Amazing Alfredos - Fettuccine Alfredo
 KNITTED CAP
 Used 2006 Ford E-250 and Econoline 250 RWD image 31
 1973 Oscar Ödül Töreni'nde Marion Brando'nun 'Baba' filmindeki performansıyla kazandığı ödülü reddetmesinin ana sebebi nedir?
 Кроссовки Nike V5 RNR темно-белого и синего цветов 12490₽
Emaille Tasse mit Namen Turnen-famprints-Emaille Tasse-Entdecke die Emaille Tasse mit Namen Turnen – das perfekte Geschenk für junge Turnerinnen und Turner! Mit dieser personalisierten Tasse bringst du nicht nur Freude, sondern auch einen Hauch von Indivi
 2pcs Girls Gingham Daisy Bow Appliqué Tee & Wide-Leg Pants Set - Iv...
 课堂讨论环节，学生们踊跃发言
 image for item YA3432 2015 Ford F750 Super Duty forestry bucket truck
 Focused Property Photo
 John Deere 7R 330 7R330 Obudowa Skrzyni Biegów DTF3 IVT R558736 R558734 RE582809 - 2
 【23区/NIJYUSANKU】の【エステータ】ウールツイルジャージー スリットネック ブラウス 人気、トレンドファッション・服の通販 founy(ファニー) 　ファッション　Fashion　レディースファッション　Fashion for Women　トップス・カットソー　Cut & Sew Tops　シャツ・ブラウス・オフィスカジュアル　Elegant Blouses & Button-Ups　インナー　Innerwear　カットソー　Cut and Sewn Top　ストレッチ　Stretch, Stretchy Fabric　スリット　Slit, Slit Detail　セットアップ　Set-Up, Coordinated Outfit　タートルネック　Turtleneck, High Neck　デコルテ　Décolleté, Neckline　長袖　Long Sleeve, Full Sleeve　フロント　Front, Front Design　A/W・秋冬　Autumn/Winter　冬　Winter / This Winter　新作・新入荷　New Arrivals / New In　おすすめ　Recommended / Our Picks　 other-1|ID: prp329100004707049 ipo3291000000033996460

BRIEF
What is needed is an exact copy of all the records.

RESPONSE TO THIS EXERCISE
Amazing Alfredos - Fettuccine Alfredo
 KNITTED CAP
 Used 2006 Ford E-250 and Econoline 250 RWD image 31
 1973 Oscar Ödül Töreni'nde Marion Brando'nun 'Baba' filmindeki performansıyla kazandığı ödülü reddetmesinin ana sebebi nedir?
 Кроссовки Nike V5 RNR темно-белого и синего цветов 12490₽
Emaille Tasse mit Namen Turnen-famprints-Emaille Tasse-Entdecke die Emaille Tasse mit Namen Turnen – das perfekte Geschenk für junge Turnerinnen und Turner! Mit dieser personalisierten Tasse bringst du nicht nur Freude, sondern auch einen Hauch von Indivi
 2pcs Girls Gingham Daisy Bow Appliqué Tee & Wide-Leg Pants Set - Iv...
 课堂讨论环节，学生们踊跃发言
 image for item YA3432 2015 Ford F750 Super Duty forestry bucket truck
 Focused Property Photo
 John Deere 7R 330 7R330 Obudowa Skrzyni Biegów DTF3 IVT R558736 R558734 RE582809 - 2
 【23区/NIJYUSANKU】の【エステータ】ウールツイルジャージー スリットネック ブラウス 人気、トレンドファッション・服の通販 founy(ファニー) 　ファッション　Fashion　レディースファッション　Fashion for Women　トップス・カットソー　Cut & Sew Tops　シャツ・ブラウス・オフィスカジュアル　Elegant Blouses & Button-Ups　インナー　Innerwear　カットソー　Cut and Sewn Top　ストレッチ　Stretch, Stretchy Fabric　スリット　Slit, Slit Detail　セットアップ　Set-Up, Coordinated Outfit　タートルネック　Turtleneck, High Neck　デコルテ　Décolleté, Neckline　長袖　Long Sleeve, Full Sleeve　フロント　Front, Front Design　A/W・秋冬　Autumn/Winter　冬　Winter / This Winter　新作・新入荷　New Arrivals / New In　おすすめ　Recommended / Our Picks　 other-1|ID: prp329100004707049 ipo3291000000033996460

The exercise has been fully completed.